Source code in src/bayescalc/parser.py
class Parser:
    def __init__(self, tokens: List[Token]):
        self.tokens = [t for t in tokens if t.type != TokenType.NEWLINE]
        self.pos = 0
        self.network = BayesianNetwork()

    def _peek(self) -> Token:
        if self.pos < len(self.tokens):
            return self.tokens[self.pos]
        return self.tokens[-1]  # EOF

    def _advance(self) -> Token:
        token = self.tokens[self.pos]
        self.pos += 1
        return token

    def _consume(self, expected_type: TokenType) -> Token:
        token = self._peek()
        if token.type == expected_type:
            return self._advance()
        raise SyntaxError(
            f"Expected {expected_type.name} but found {token.type.name} at line {token.line}, column {token.column}"
        )

    def parse(self) -> BayesianNetwork:
        while self._peek().type != TokenType.EOF:
            if self._peek().type == TokenType.VARIABLE:
                self._parse_variable_declaration()
            elif self._peek().type == TokenType.BOOLEAN:
                self._parse_boolean_declaration()
            elif self._peek().type == TokenType.IDENTIFIER:
                self._parse_cpt_block()
            else:
                token = self._peek()
                raise SyntaxError(
                    f"Unexpected token {token.type.name} at line {token.line}, column {token.column}"
                )
        return self.network

    def _parse_variable_declaration(self):
        """Parses a variable declaration."""
        self._consume(TokenType.VARIABLE)
        name_token = self._consume(TokenType.IDENTIFIER)
        name = name_token.value

        # Check if domain is explicitly specified
        if self._peek().type == TokenType.LBRACE:
            self._consume(TokenType.LBRACE)  # Consume the left brace

            # Parse domain values
            domain = []
            while self._peek().type != TokenType.RBRACE:
                value = self._consume(TokenType.IDENTIFIER).value
                domain.append(value)

                if self._peek().type == TokenType.COMMA:
                    self._consume(TokenType.COMMA)
                else:  # We only accept comment or spaces after variable declaration
                    break

            self._consume(TokenType.RBRACE)

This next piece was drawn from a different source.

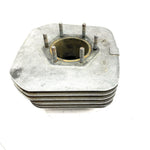 87-96 Polaris Trail Boss 250 4X4 OEM 72mm Bore Cylinder 3083769 AP208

            # Check if this is an explicit {True, False} domain and warn
            if set(domain) == {"True", "False"}:
                warnings.warn(
                    f"Variable '{name}' at line {name_token.line} uses explicit {{True, False}} domain. "
                    f"Consider using 'boolean {name}' instead for clearer boolean variable declaration.",
                    DeprecationWarning,
                    stacklevel=2,
                )
        else:
            # If domain is not specified, default to Boolean
            domain = ["True", "False"]

        # Add variable to the network
        self.network.add_variable(name, tuple(domain))

    def _parse_boolean_declaration(self):
        """Parses a boolean variable declaration."""
        self._consume(TokenType.BOOLEAN)
        name = self._consume(TokenType.IDENTIFIER).value

        # Boolean variables always have {True, False} domain
        domain = ("True", "False")

        # Add variable to the network
        self.network.add_variable(name, domain)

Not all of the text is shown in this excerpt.